WORK TO COMPLETE:
Give again, exactly and without pictures, the lines running from the line with "7.83 Hz T-Shirt" to the end of the records below.

==== MATERIAL FOR THE TASK

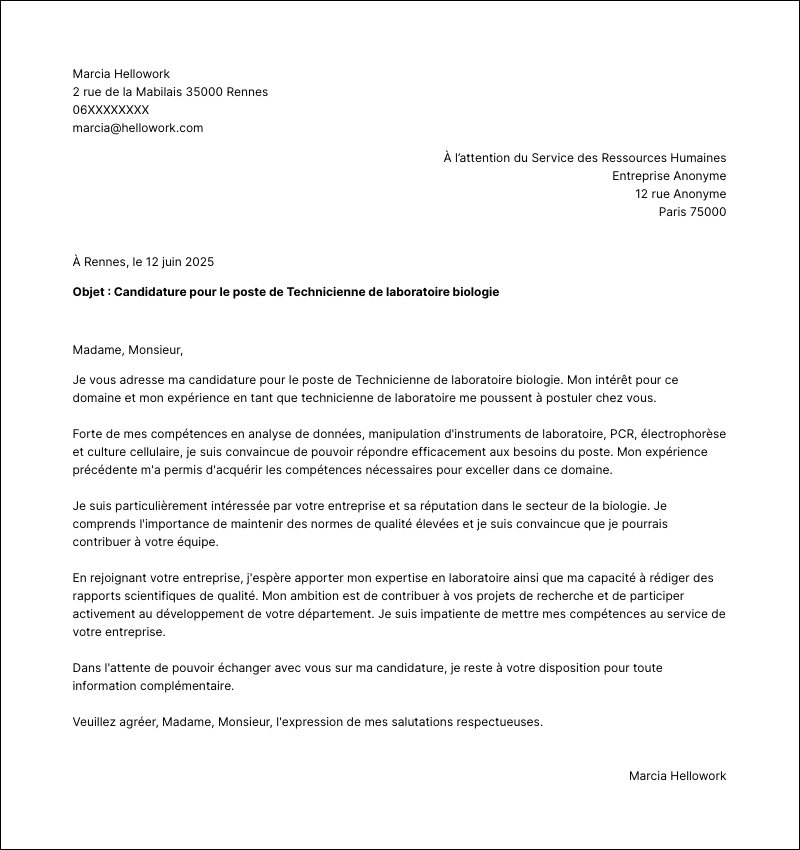 Exemple lettre de motivation Technicien de laboratoire biologie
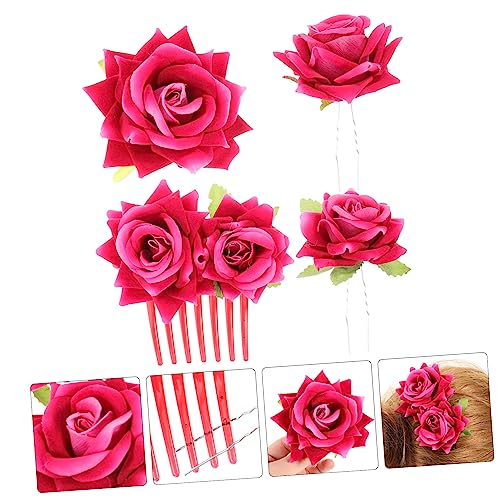 FONDOTIN 4 Stück Teiliges Rosenspitzen Haarclip für Mädchen Lebensechte Blütenform Stabile Haarklammern Farbintensive Haaraccessoires für Hochzeit Alltag und Festliche Anlässe von FONDOTIN
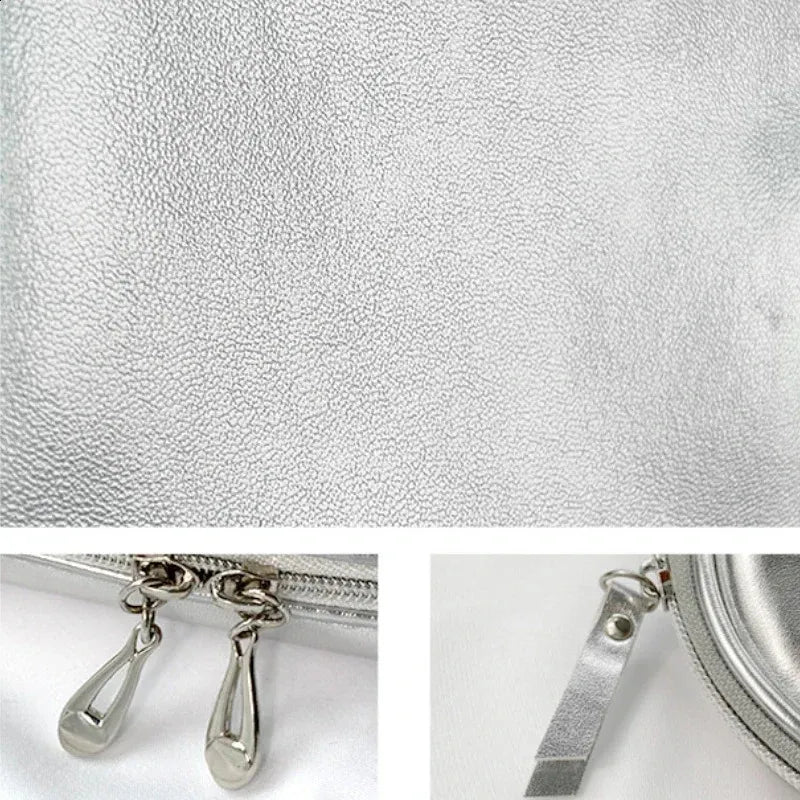 Clutch cosmetic bag held in hand to demonstrate portable size and design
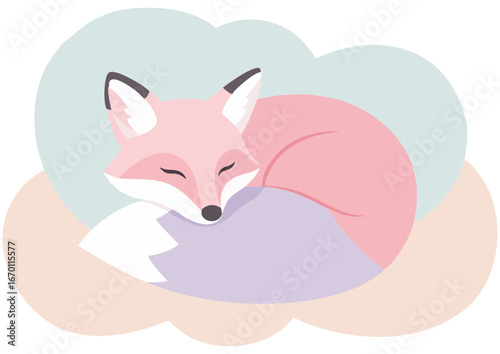 Cute sleeping fox character with pastel colors and cute accessories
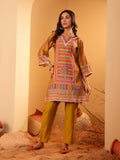 Varanga Women Mustard Ethnic Printed Straight Kurta With Trousers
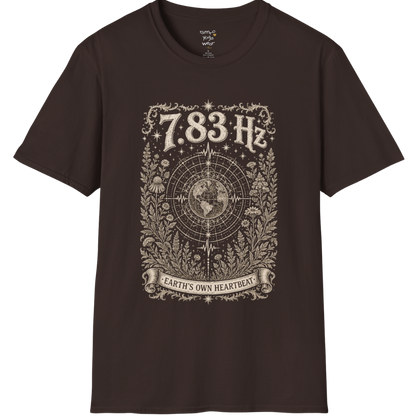 7.83 Hz T-Shirt with earth sacred geometry design — Dark Sacred Stillness collection by Ramro Yoga Wear in Dark Chocolate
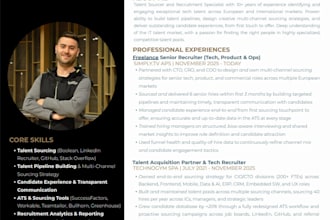 review your CV and linkedin profile as a senior recruiter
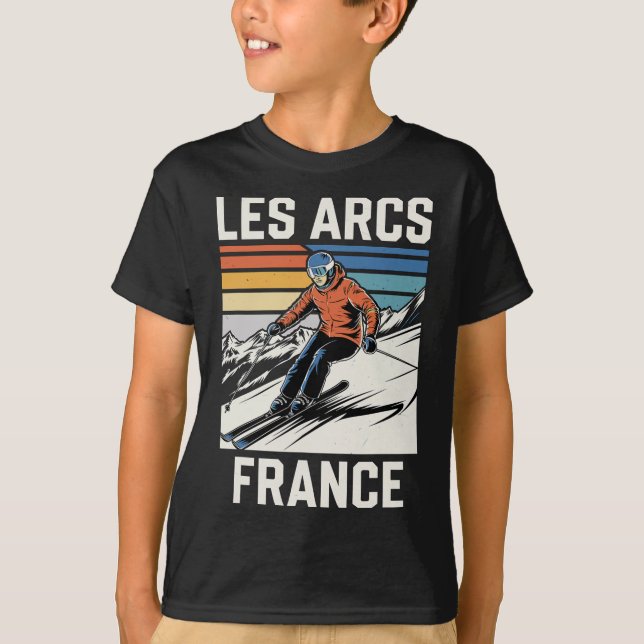 Skiing Les Arcs France  T-Shirt (Front)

========

REPLY:
 7.83 Hz T-Shirt with earth sacred geometry design — Dark Sacred Stillness collection by Ramro Yoga Wear in Dark Chocolate
 review your CV and linkedin profile as a senior recruiter
 Skiing Les Arcs France  T-Shirt (Front)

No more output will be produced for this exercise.